Homerun king and former San Francisco Giant is on trial for three counts of perjury or “making false declarations” and obstruction of justice while giving testimony during a grand jury investigating BALCO in 2003. At first, it was four counts of perjury but prosecutors dropped one earlier this week before they rested their case.
On Thursday, during a break in closing arguments, Judge Susan Illston told attorneys on both sides that Anderson’s lawyer Mark Geragos had filed a request for his client to be released since the case was wrapping up. The judge agreed and Anderson will be freed before the day ends.
Bonds made an appearance in court today when the jury requested to see the full transcript of a 2003 conversation between Bonds’ former friend Steve Hoskins and Anderson. Hoskins secretly recorded Anderson talking to him inside the Giants clubhouse about the steroid products and how they worked.

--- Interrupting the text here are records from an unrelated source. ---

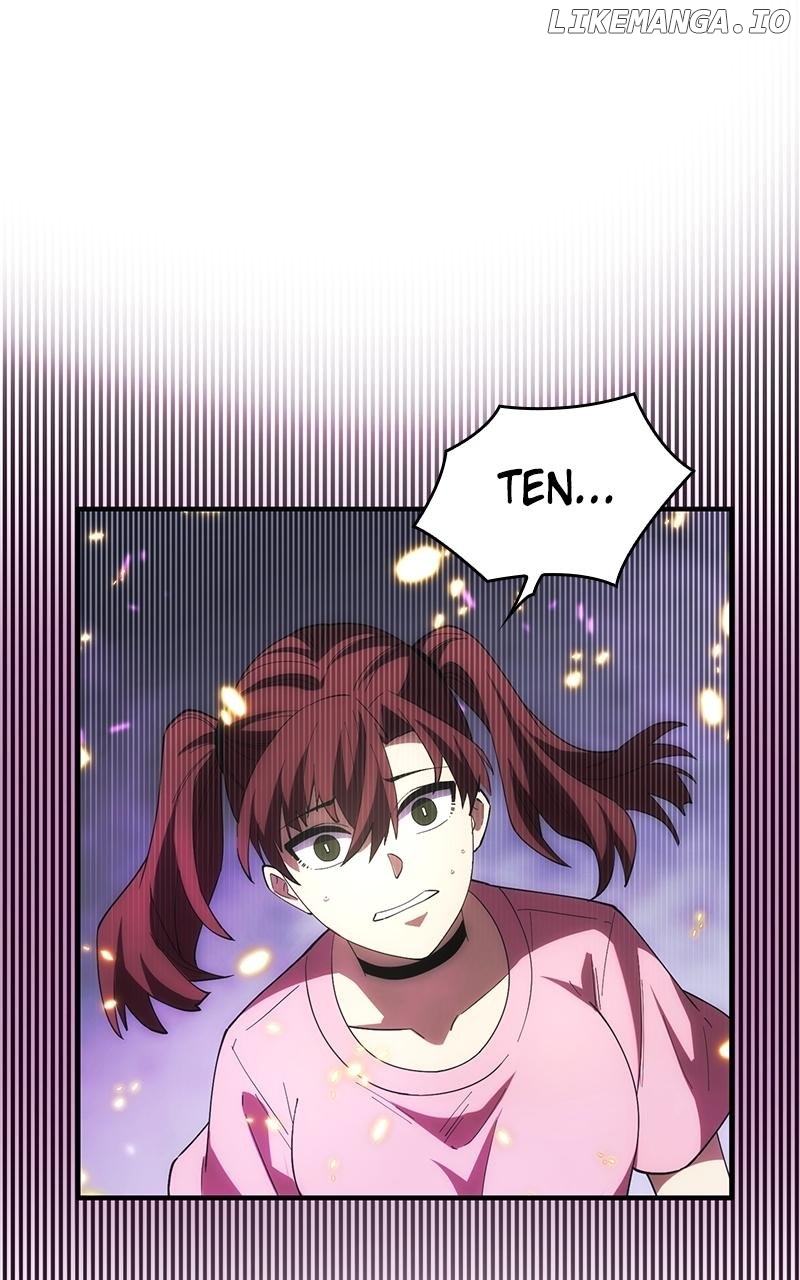 The Formerly Number One Ranked Rookie Chapter 4 - page 1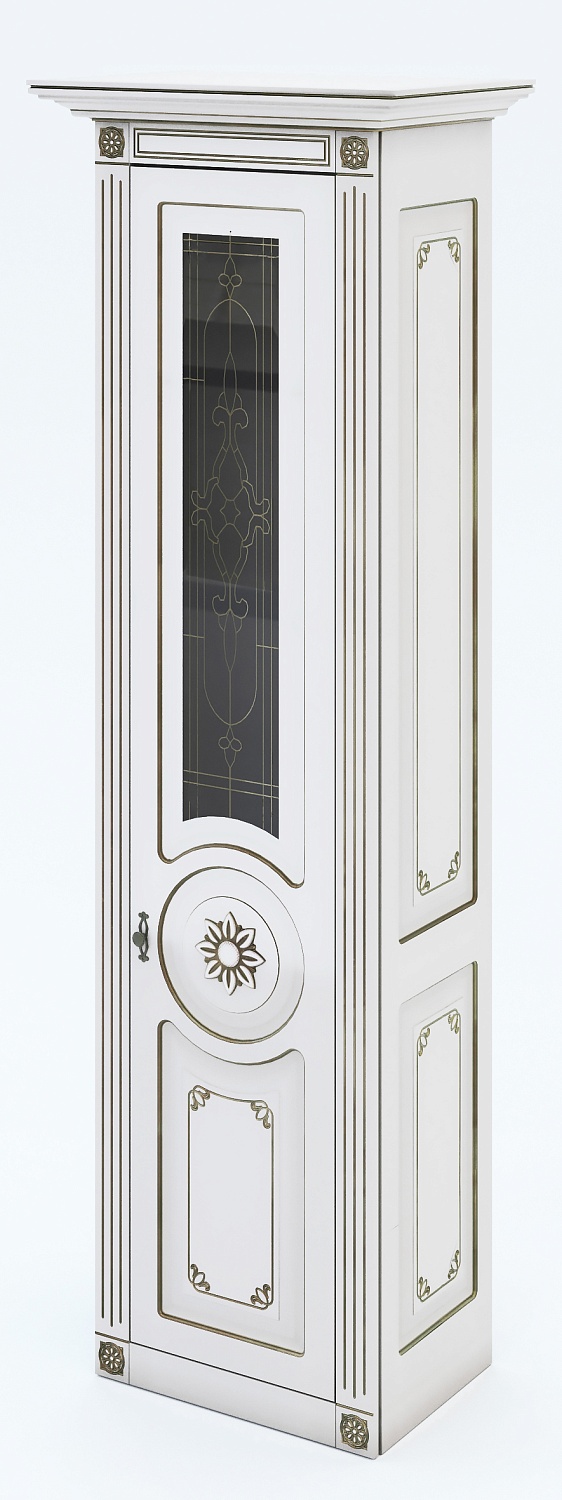 Мебель стенка для гостиной "Марго"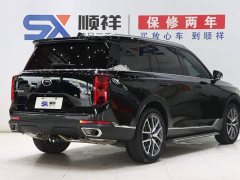 Trumpchi GS8 Pilot Series 2.0TGDI 2WD Luxury Connected Edition 7 Seats - фото 4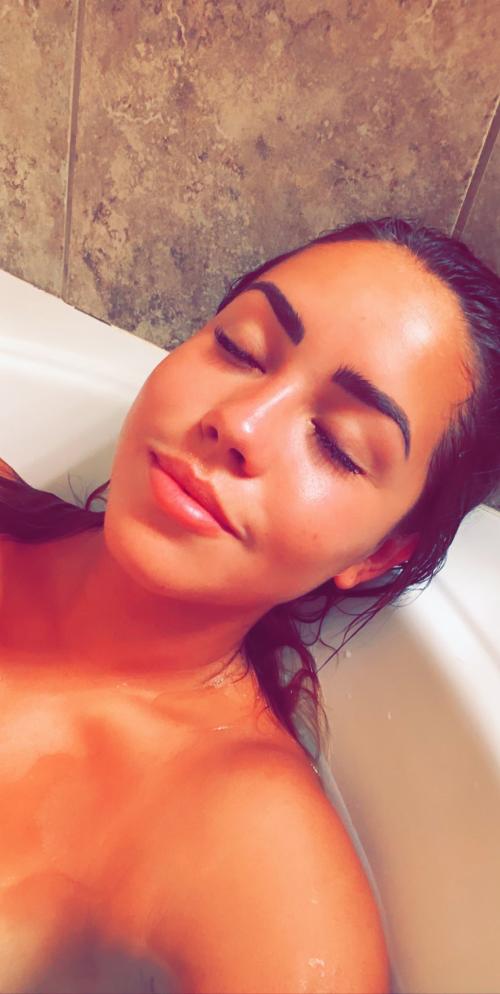 aamidat2's snapchat photo - fingering, xxx, nsfw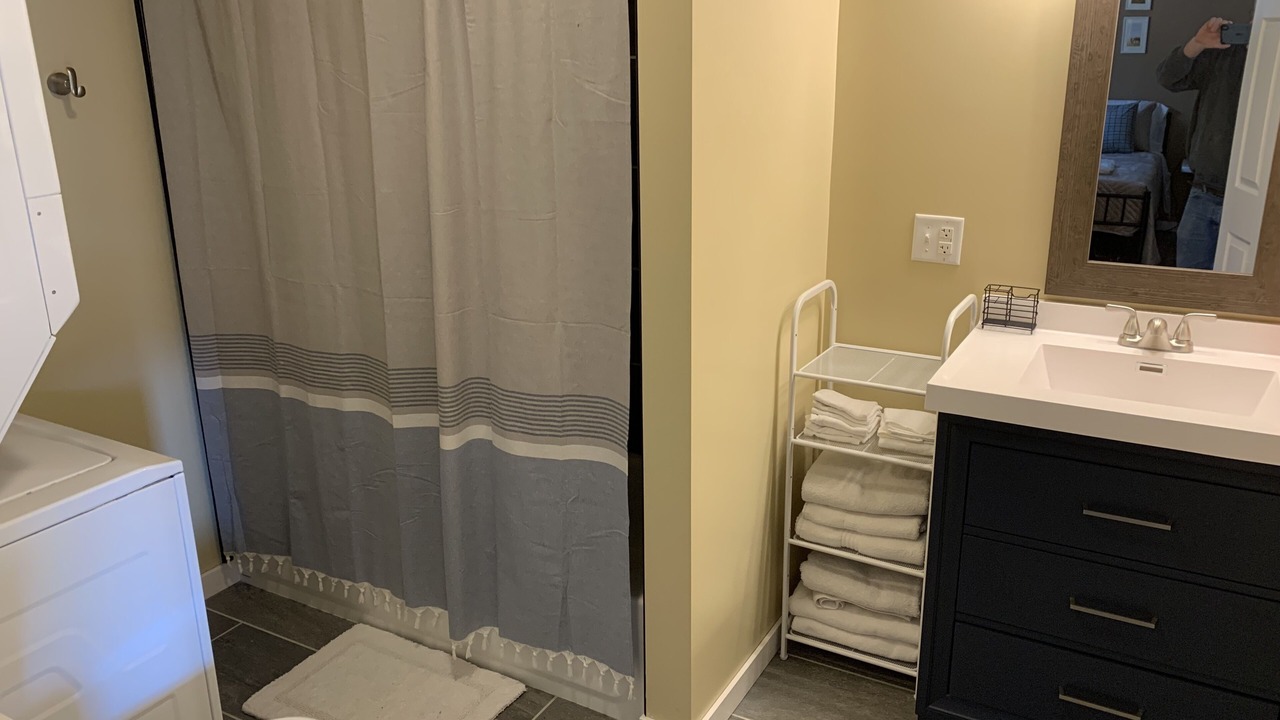 Photo of Bathroom in Chillicothe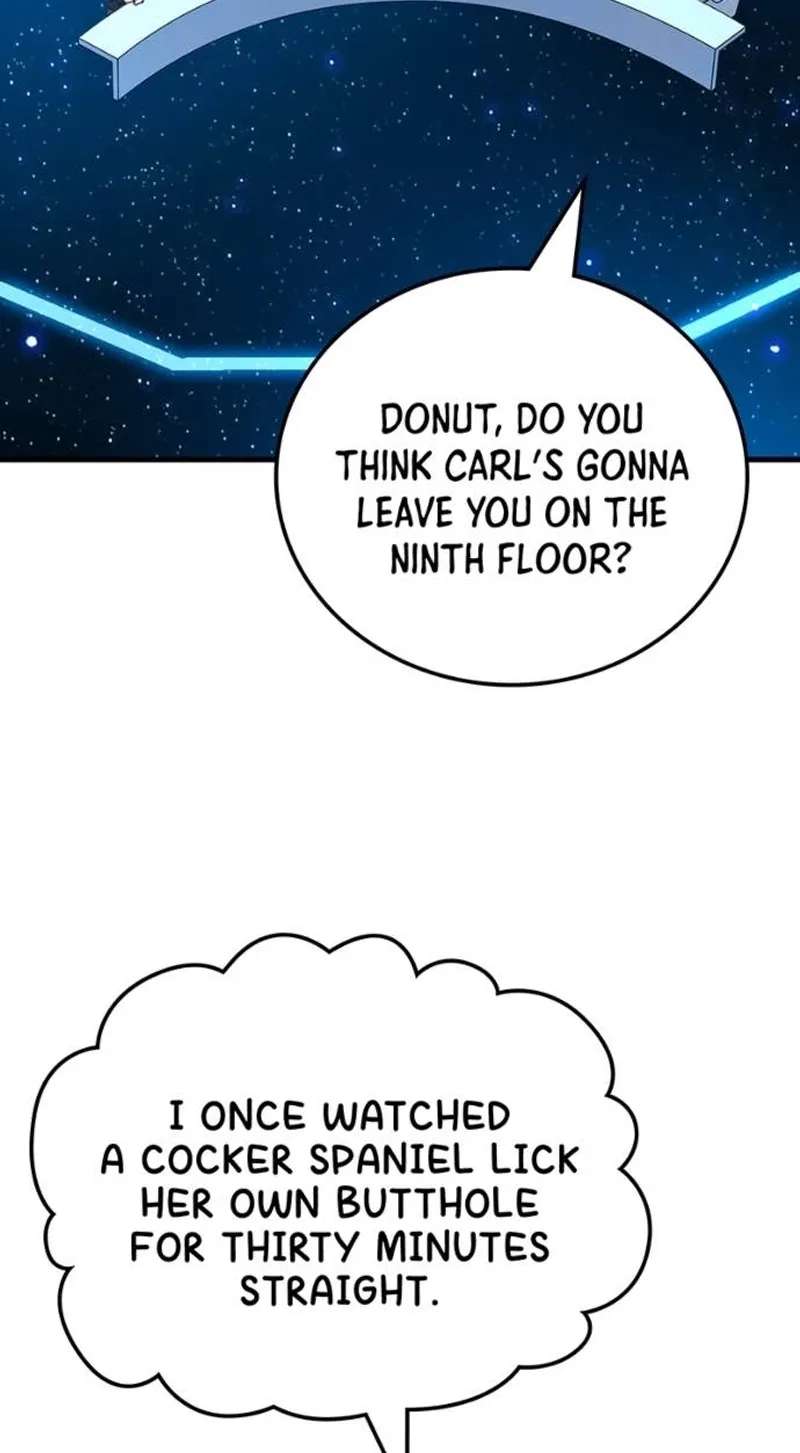 Dungeon Crawler Carl Chapter 51 - page 36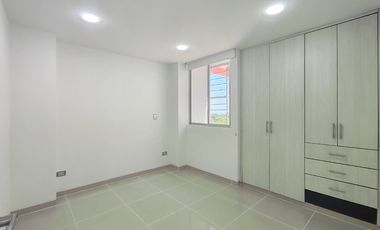 apartamento en venta en bellavista. Cod V30452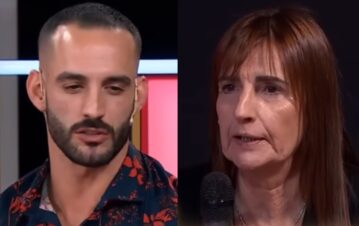 El estremecedor relato de la mamá de Maxi Giudici tras el intento de suicidio del ex GH: “Sentí que me..."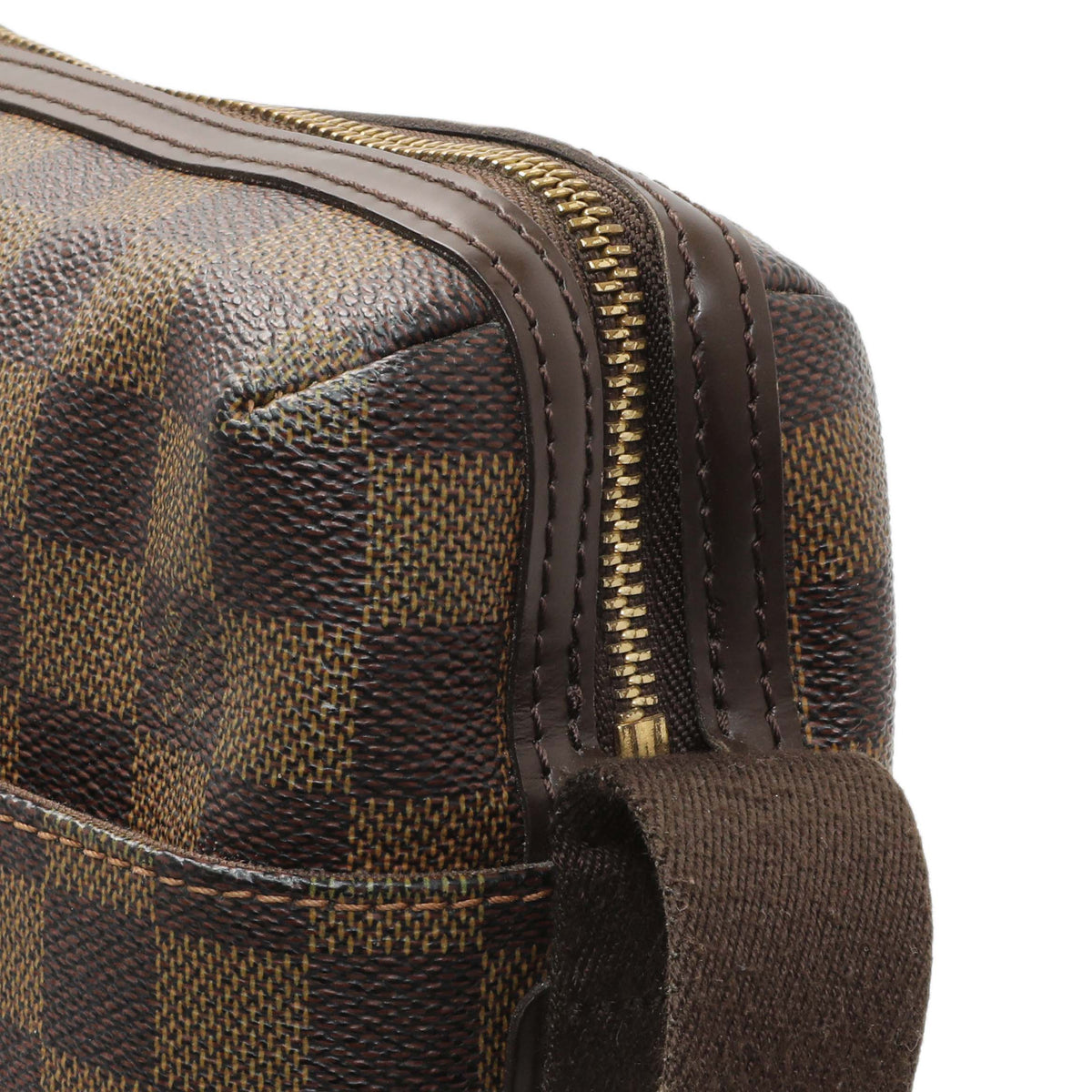 Louis Vuitton Damier Ebene Trotteur Beaubourg Handbags Louis Vuitton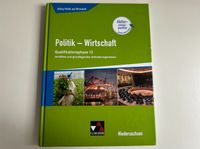 Politik- Wirtschaft Schulbuch Niedersachsen - Oldenburg Vorschau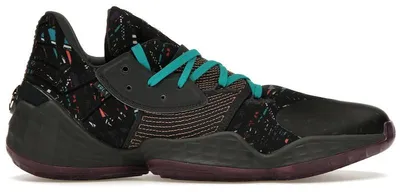 Produktbild von adidas Harden Vol. 4 BHM (2020) - EU 48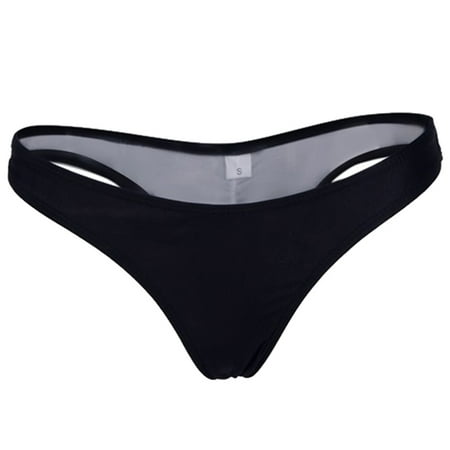Women s Seamless Bikini Briefs Underwear Breathable Ladies Panties Underwear Panties Soft Stretch Bikini Briefs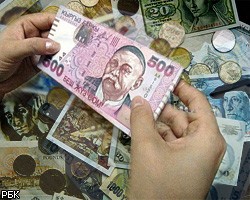Из казны Киргизии исчезли почти все деньги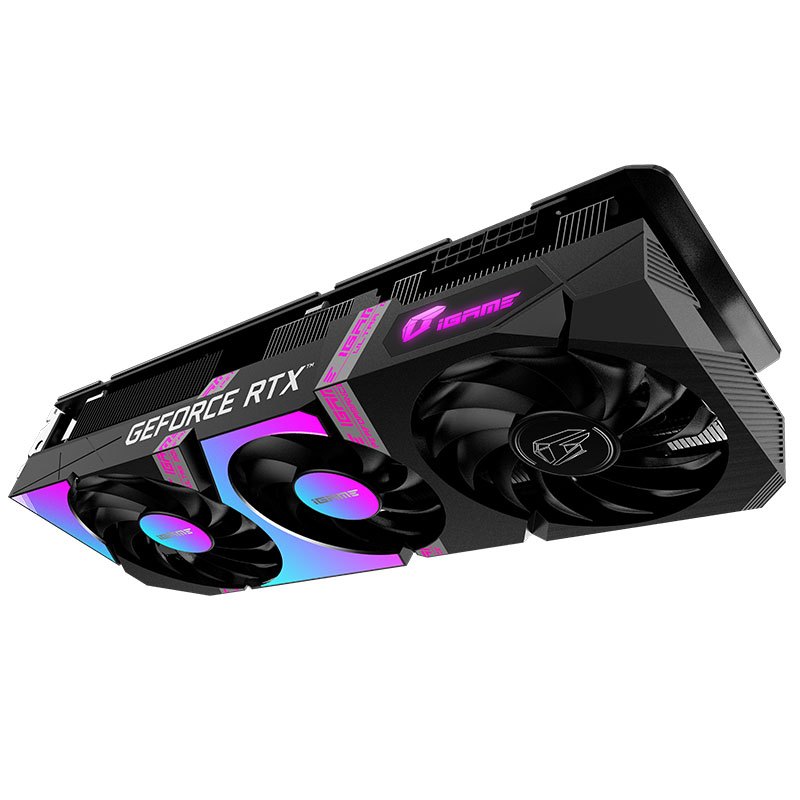 七彩虹B460M-HD PRO V20主板+i5 10600KF+七彩虹RTX 3060 Ti Ultra OC显卡套装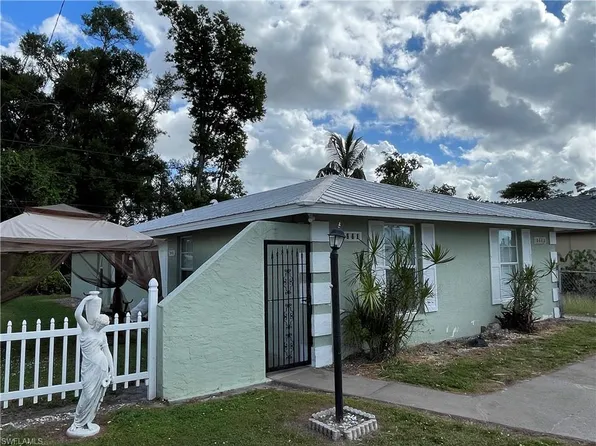 5441-5443 Sago AVE, FORT MYERS, FL 33907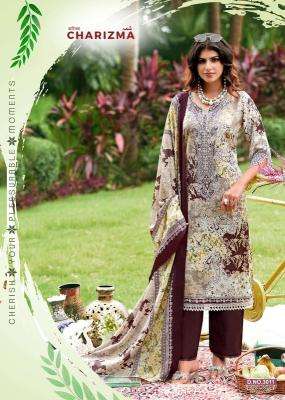 Ganesha charizma vol 3 Wholesale clothing market in Rajkot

The defense balked at the idea of allowing jurors to take a transcript into the deliberation room with them, since it was only the recording and not the transcript that was entered into evidence. The judge decided to allow the jury to hear the recording again in open court and follow along with the transcripts, but they weren’t allowed to take any of it back with them.
Lawyers on both sides have been hovering around the courthouse all day anxiously waiting for the jury to reach a verdict. Defense lawyer Allen Ruby says Bonds will remain on standby in location close to the courthouse.